THE DATA -
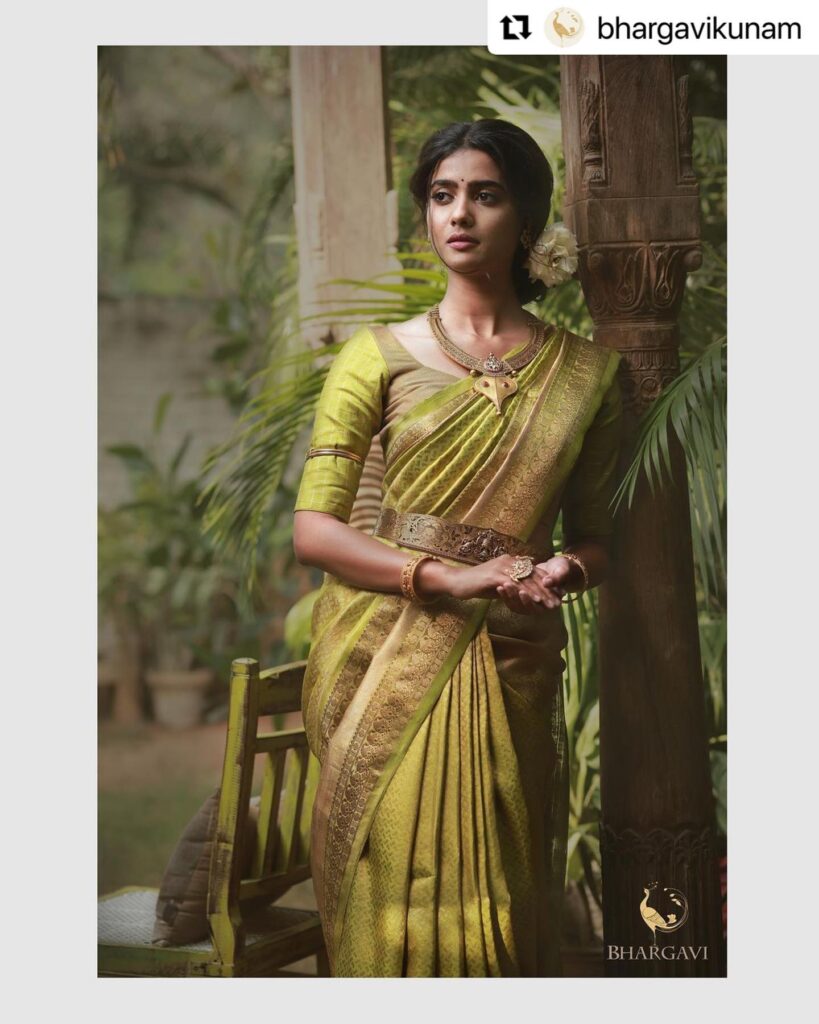 Sri Gouri Priya biography
Sri Gouri Priya age
Sri Gouri Priya height
Sri Gouri Priya date of birth
Sri Gouri Priya family
Sri Gouri Priya parents
Sri Gouri Priya boyfriend
Sri Gouri Priya husband
Sri Gouri Priya education
Sri Gouri Priya net worth
Sri Gouri Priya Instagram
Sri Gouri Priya movies list
Sri Gouri Priya web series
Sri Gouri Priya Chennai Love Story
Sri Gouri Priya Hoyila Hoyila song
Sri Gouri Priya VISA movie
Sri Gouri Priya MAD movie
Sri Gouri Priya Mail movie
Sri Gouri Priya Writer Padmabhushan
Sri Gouri Priya Modern Love Chennai
Sri Gouri Priya Lover movie
Sri Gouri Priya Happy Raj
Chennai Love Story release date
Chennai Love Story cast
Chennai Love Story songs
Chennai Love Story trailer
Kiran Abbavaram and Sri Gouri Priya
Hoyila Hoyila lyrics
Telugu actress Sri Gouri Priya
Sri Gouri Priya latest news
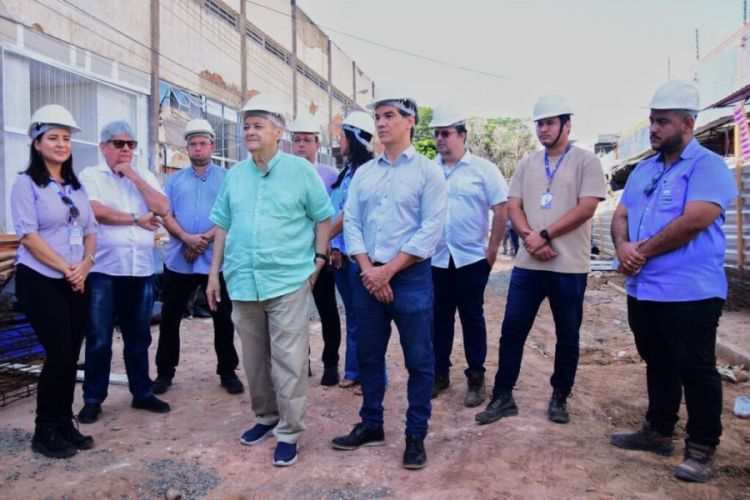 Prefeito Sílvio Mendes visita obras do Mercado Central com secretários e assessores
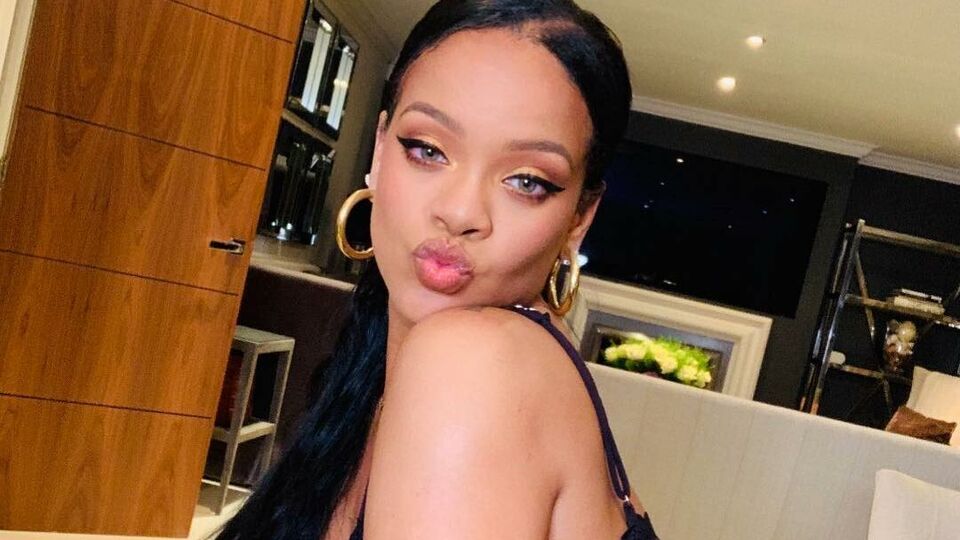 33-річна Ріанна знялася у прозорій білизні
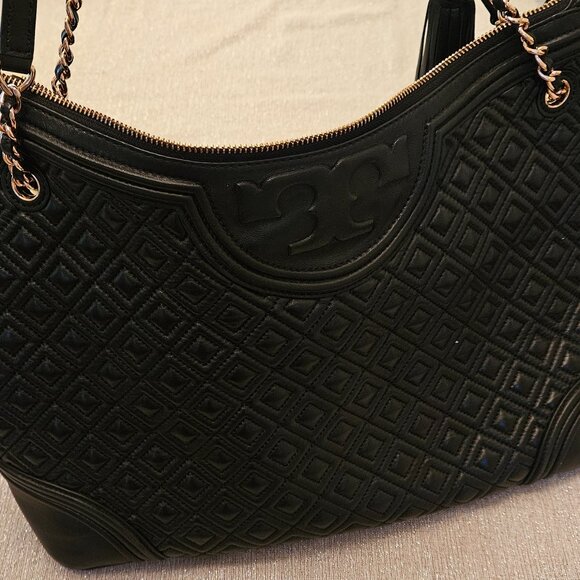 Tory Burch Quilted Fleming tote - Picture 2 of 4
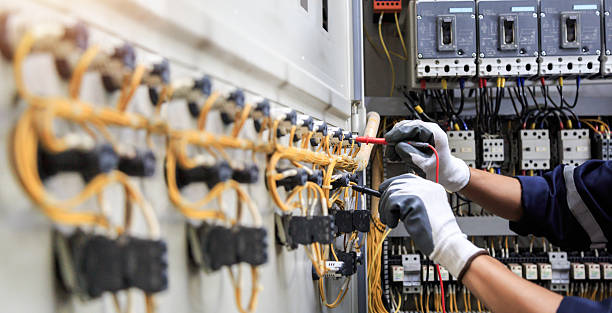Professional Electrician technician working in Rochester, MN
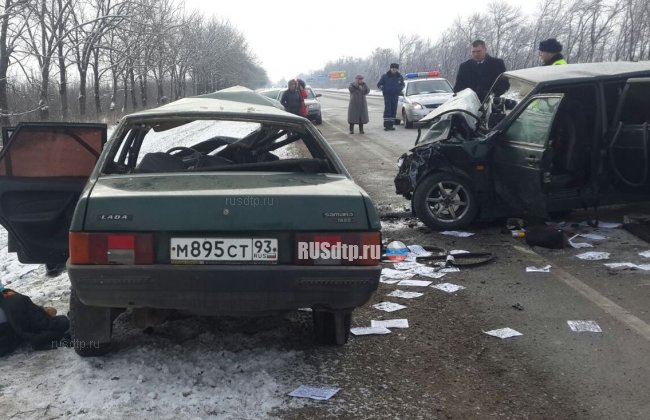 Два человека, в том числе ребенок, погибли в ДТП на трассе Краснодар &#8212; Ейск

ACTIVITY - Whenever a line in the material above holds the string "Chennai", copy that line in full.

TASK RESULT -
Sri Gouri Priya Chennai Love Story
Sri Gouri Priya Modern Love Chennai
Chennai Love Story release date
Chennai Love Story cast
Chennai Love Story songs
Chennai Love Story trailer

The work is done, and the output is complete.